The recombinant plasmid SRH “SAK-RGD-Hirulog” thus generated was transformed into chemically competent cells of E. coli DH5α. The positive transformants were selected by PCR screening and restriction enzyme digestion. The recombinant DNA, pRSET-A-SAK-RGD-Hirulog, was further confirmed by DNA sequencing (Eurofins Genomics India Pvt. Ltd, India).

2.5. Expression, Production, and Purification of Fusion Proteins

The recombinant plasmids pRSET-A-SAK and pRSET-A-SAK-RGD-Hirulog were transformed into E. coli GJ1158 for expression study by calcium chloride method [22]. The empty pRSET-A vector was also transformed into E. coli GJ1158 as a control. The transformed E. coli GJ1158 cells were grown at 37°C for overnight in 10 mL LB medium without sodium chloride (LB/ON) supplemented with 100 μg/mL of ampicillin. The overnight culture was diluted 1/50 (v/v) into fresh LB/ON medium with ampicillin and grown to an OD600 of 0.6 at 37°C. The culture was then induced with sodium chloride (300 mM) for protein expression. The cells were grown for 3 h and harvested by centrifugation at 4000 g for 20 min. Cell pellet was stored overnight at −20°C. One mL of uninduced culture was taken before induction as a control. The culture was then subjected to sonication with 5 s on and 10 s off cycles for 20 min on ice, and the lysate was centrifuged at 12,000 rpm for 30 min at 4°C. The soluble protein in supernatant was collected and purified by immobilized-metal affinity chromatography (IMAC) based Ni2+-NTA spin kit method by following the manufacturer instructions (Quigen, Hilden, Germany). The purity of the recombinant protein was analyzed on 15% sodium dodecyl sulfate-polyacrylamide gel electrophoresis (SDS-PAGE) [23], and the concentration of the purified SRH was estimated by Lowry's method [24] with bovine serum albumin (BSA) as a standard. The activity of un-induced and induced protein under different induced concentrations was tested on heated plasma agar plate as described in previous study [25].
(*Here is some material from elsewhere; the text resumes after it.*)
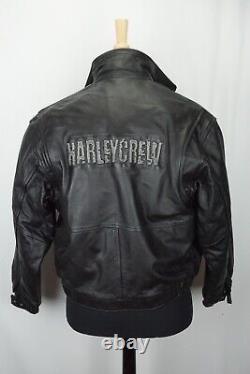 Harley Davidson Ras Cuir Noir Moto Motard Veste Taille Petit Fabriqué En USA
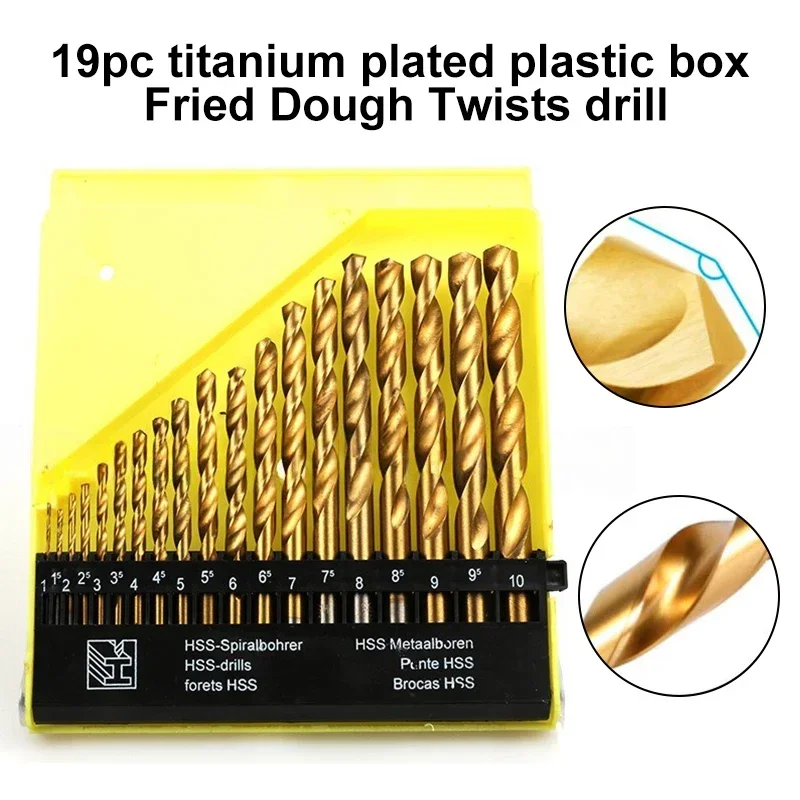 19 pçs m35 cobalto redondo alça reta conjunto de broca métrica 1mm-10mm brocas adequadas para metal duro de aço inoxidável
2.6. Fibrinolytic Activity Assay on Fibrin Plate

Fibrinolytic activity was determined by slightly modified fibrin plate method from the previously described protocol [26, 27]. Five mL of 1% (w/v) fibrinogen solution in 50 mM sodium phosphate buffer (pH 7.4) was mixed with the equal volume of 2% (w/v) agarose solution containing 25 μL of a thrombin solution (240 NIH U/mL) and 10 μL of plasminogen (10 U/mL) and poured into a petri dish. The solution in the petri dish was allowed to solidify at room temperature for 1 h to form a fibrin clot layer. 20 μL of various concentrations (0.1–0.8 mg/mL) of either SAK or SRH was loaded into the wells punched (5 mm) in the fibrin plate. The plate was then incubated for 6 h at 37°C. The international units (I.U.) of the enzyme activities of proteins were estimated by measuring the mean diameter of the clear zone around the well according to the standard curve plotted using the clinically standard bacterial thrombolytic agent streptokinase.
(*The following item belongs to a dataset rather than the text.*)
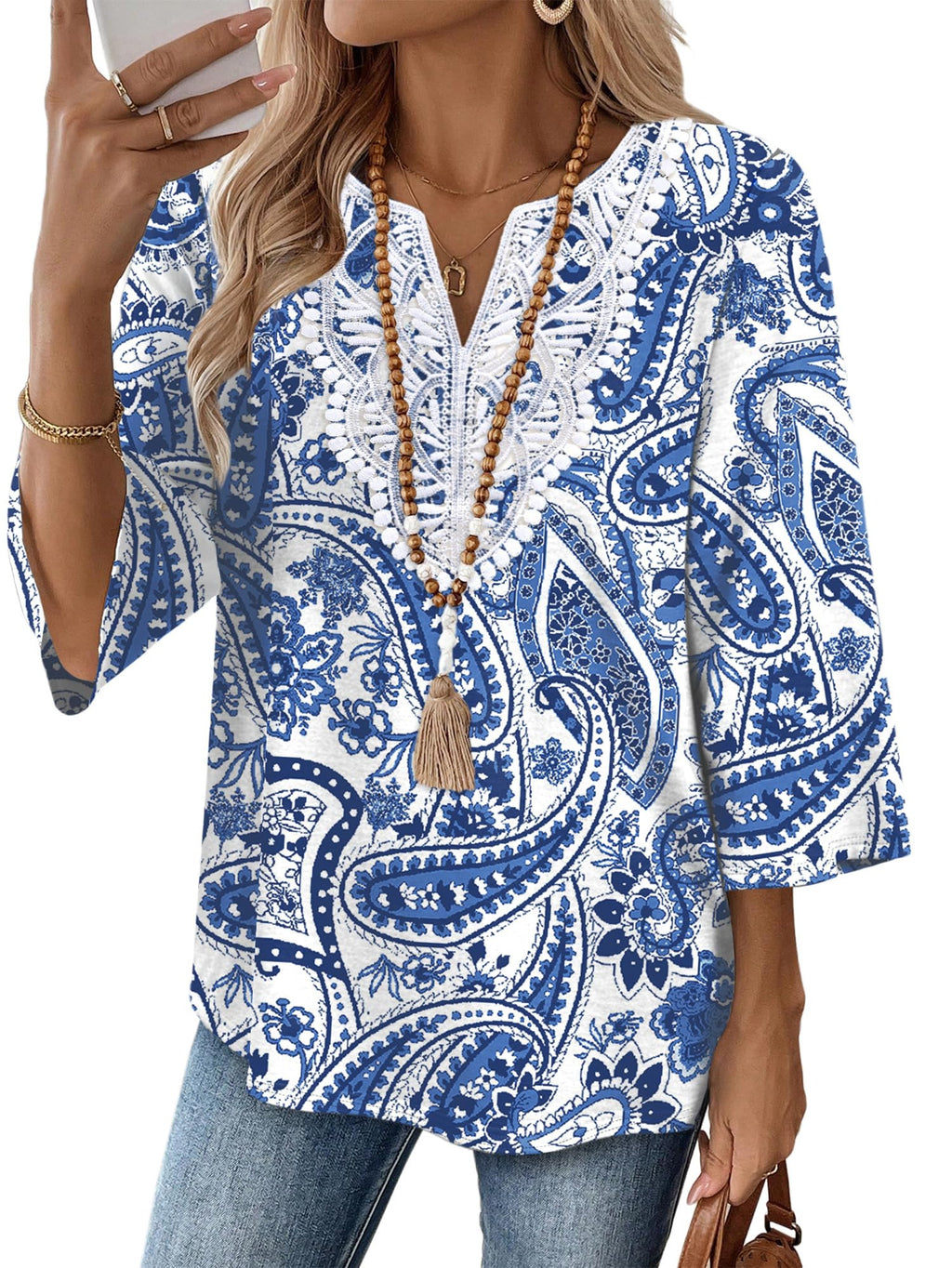 WIHOLL 3/4 Length Sleeve Womens Tops Boho V Neck Lace Shirt Trendy Blouses Dressy Casual Vacation Clothes S-3XL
2.7. Human Plasminogen Activation Assay

The plasminogen activation that determines the conversion of human plasminogen to human plasmin by either SAK or SRH was performed as in previously described method [28, 29]. 10 nM of purified SAK or SRH was added to 1 μM plasminogen in 50 mM Hepes buffer (pH 7.4), with 0.01% Tween80. Consequently, a chromogenic substrate spectrozyme PL (American Diagnostic Inc., USA) was added to a final concentration of 0.3 mM. The chromogenic release of p-nitroanilide was measured on a microplate reader (Qualisystem, Mumbai, India) at 405 nm for 30 min at 37°C [28]. Initial activation rates were obtained from linear plots of the concentration of plasmin generated versus activation time.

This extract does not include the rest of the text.